Downloads and uploads still involve GPU context switch and cannot be done in parallel with the GPU processing or drawing. Except on NV Quadros. The technology is known ad “dual copy engine”.

I think it is possible on Fermi architecture generally, but for “unknown” reason it is not enabled in the drivers.

PBO is one method if you want to do it asyncronously. How it is implemented doesn’t concern OpenGL.

Another method is to use another GL context.
Some people create another window inside another thread and they setup the same pixelformat as the first window. Then they share GL resources. They use that second GL context to upload textures and other resources which would be available to the first GL context.

Does it need the GPU to copy the data from main memory to video memory? or the GPU has its own DMA controller, so that the GPU can also be free of these loading operations?

What does it matter? If it does need the GPU, then there’s nothing you can do to change or get around that.

It does matter, since loading can be done in parallel with rendering, but … it is not possible/allowed on the most graphics cards now.

PBO enables asynchronous data transfer from “drivers memory” to graphics card. If CPU can do something better in the meantime, PBO can save some time for that. But, it doesn’t save GPU time. It is “CPU asynchronous”, but not “GPU asynchronous”.

A programmer doesn’t have to know the actual implementation, but it does concern OpenGL implementation (i.e. drivers’ implementation).

Shared context-group is possible method to isolate loading in a separate thread and upload immediately when the resource is ready in the main memory, but it imposes very fine synchronization using sync-objects. It requires GL 3.2+, and is not very easy for the beginners. Since two or more contexts cannot execute GL simultaneously, it is better to prepare resource in a separate thread, but still upload to GL in the single (drawing) thread. In this way the synchronization is much easier and the main thread have a control over the amount of data being uploaded (and correlated with the time needed for the drawing itself).

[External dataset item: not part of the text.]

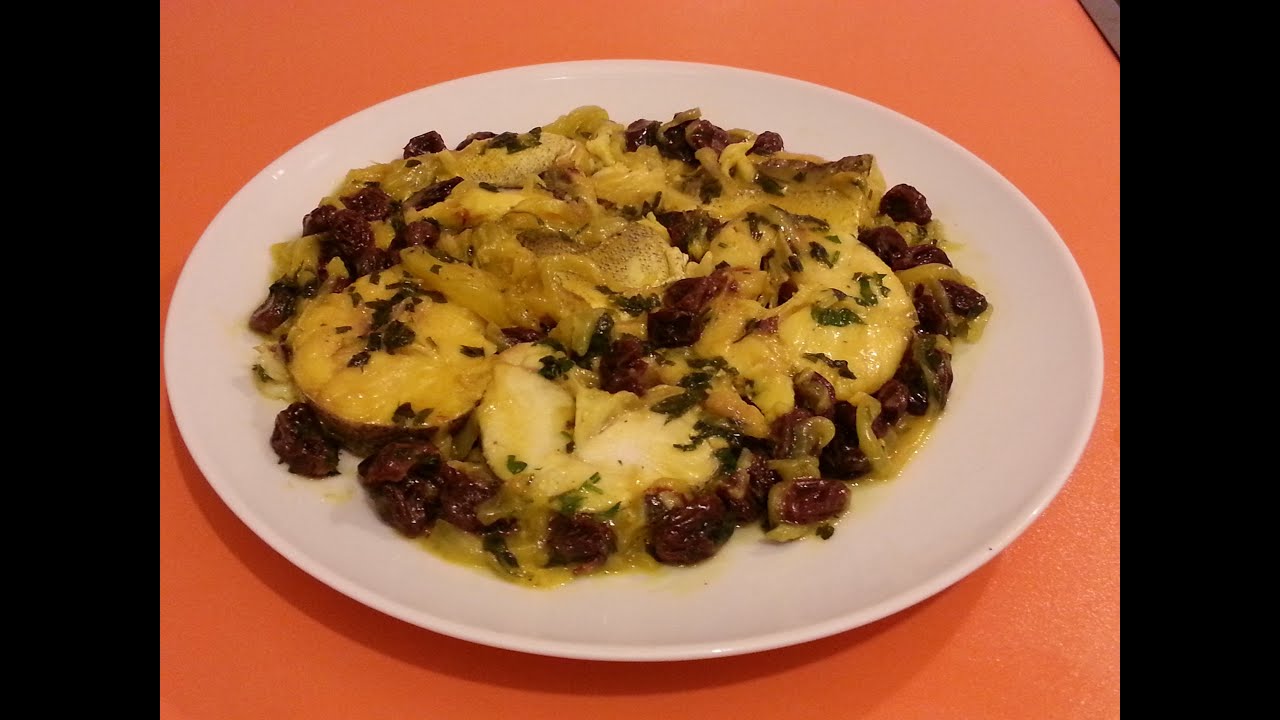 El arte de la cocina árabe    Merluza con cebolla y pasas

It seems that this “dual copy engine” has been disabled in the OpenGL driver for the geforce. But it is available for CUDA. I will try to use CUDA to transfer data. This feature is useful when rendering massive data.

Thanks for all of you!

May I ask you how?

May I ask you how? [/QUOTE]

Sorry, Aleksandar, actually, i do not know how.

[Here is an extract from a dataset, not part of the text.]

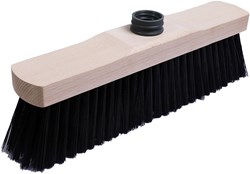 Michelino wooden broom head cleaning durable wood dust dirt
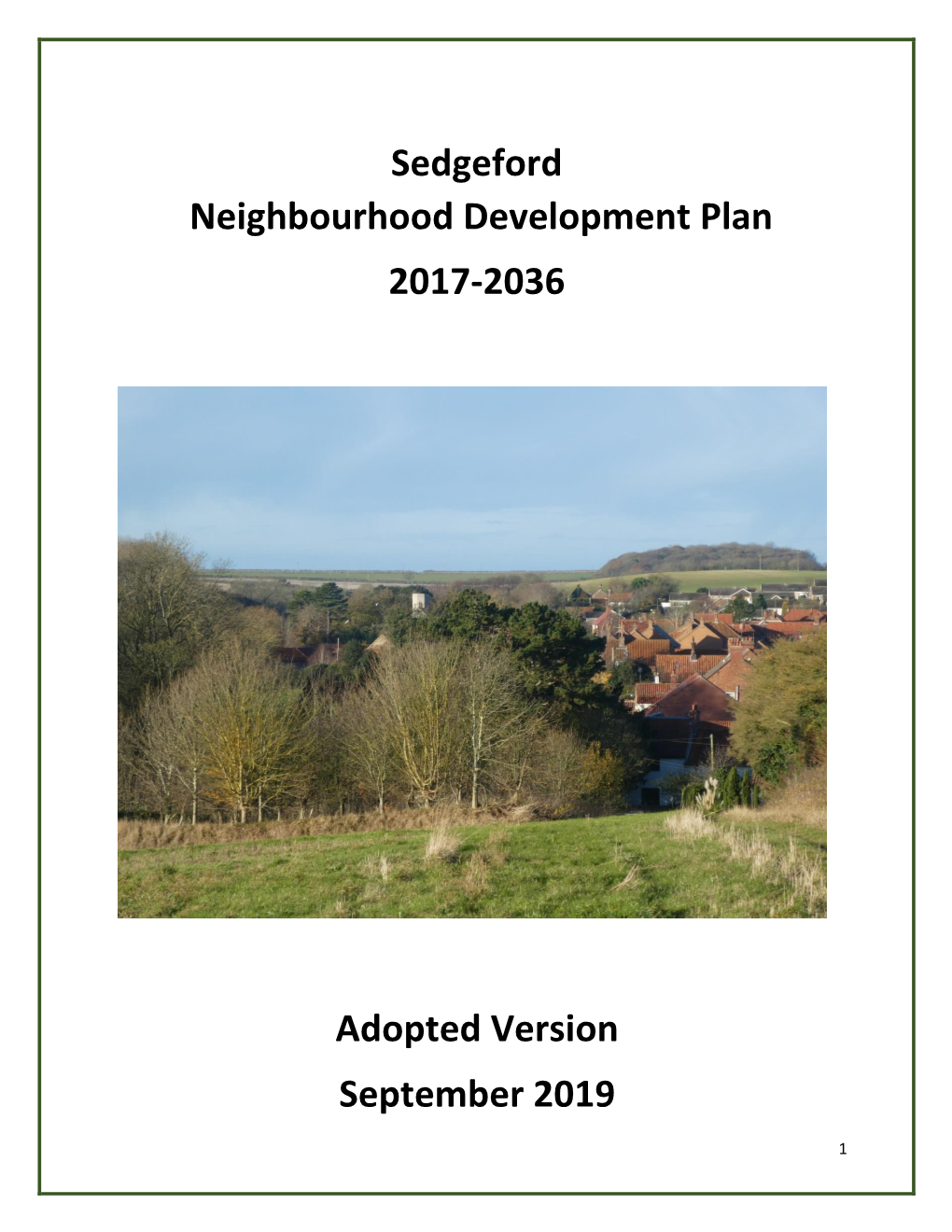 View the Sedgeford Neighbourhood Plan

I read this idea here http://www.opengl.org/discussion_boards/ubbthreads.php?ubb=showflat&Number=285231

“In CUDA, parallel transfer and kernel execution is possible http://outerra.com/images/cuda_transfers.png (red is for kernel and green/grey for download). The transfer can be upload or download it doesn’t matter.” it is from l_hrabcak.

I have not tried CUDA yet. and kind of busy these days. I will try later.

thanks for your help.